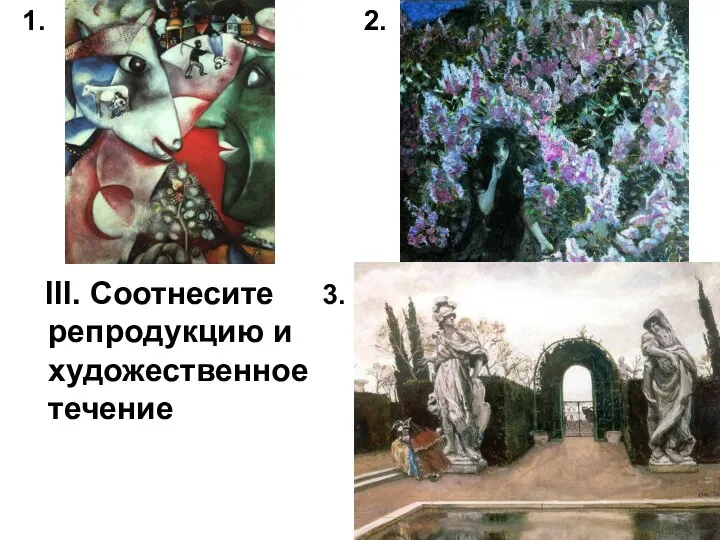 1. III. Соотнесите 3. репродукцию и художественное течение 2.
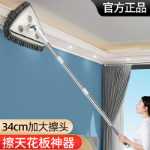 삼각형 텔레스코픽 걸레의 그림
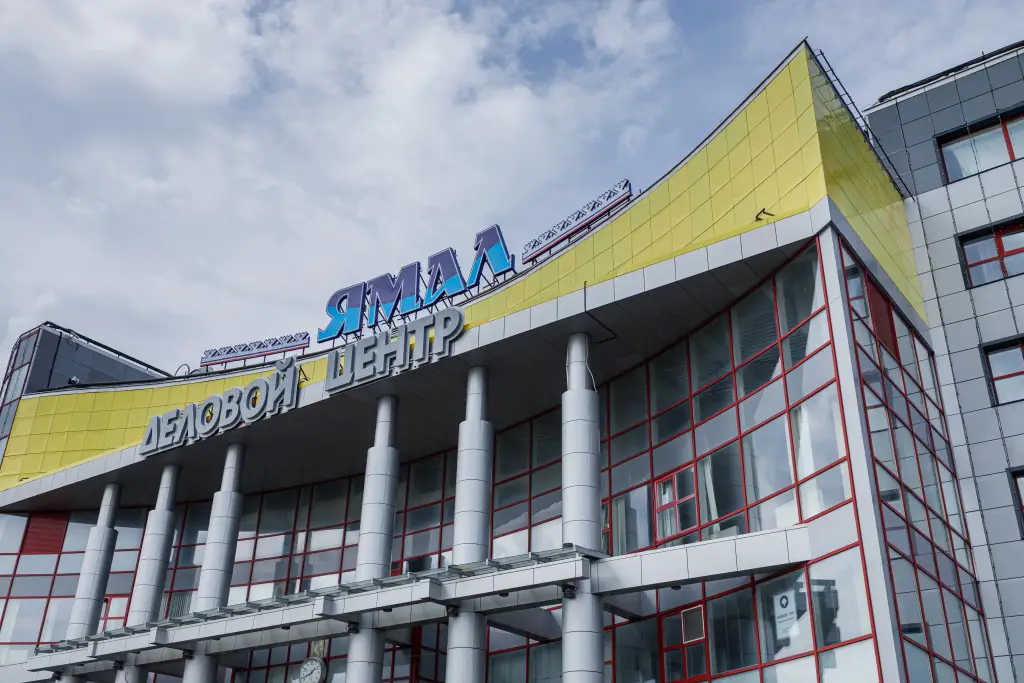 Новый Уренгой: Отель Гостиница "Ямал"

───

About this exercise
An exact copy of the listing is required, excluding any pictures.

Solved exercise
 1. III. Соотнесите 3. репродукцию и художественное течение 2.
 삼각형 텔레스코픽 걸레의 그림
 Новый Уренгой: Отель Гостиница "Ямал"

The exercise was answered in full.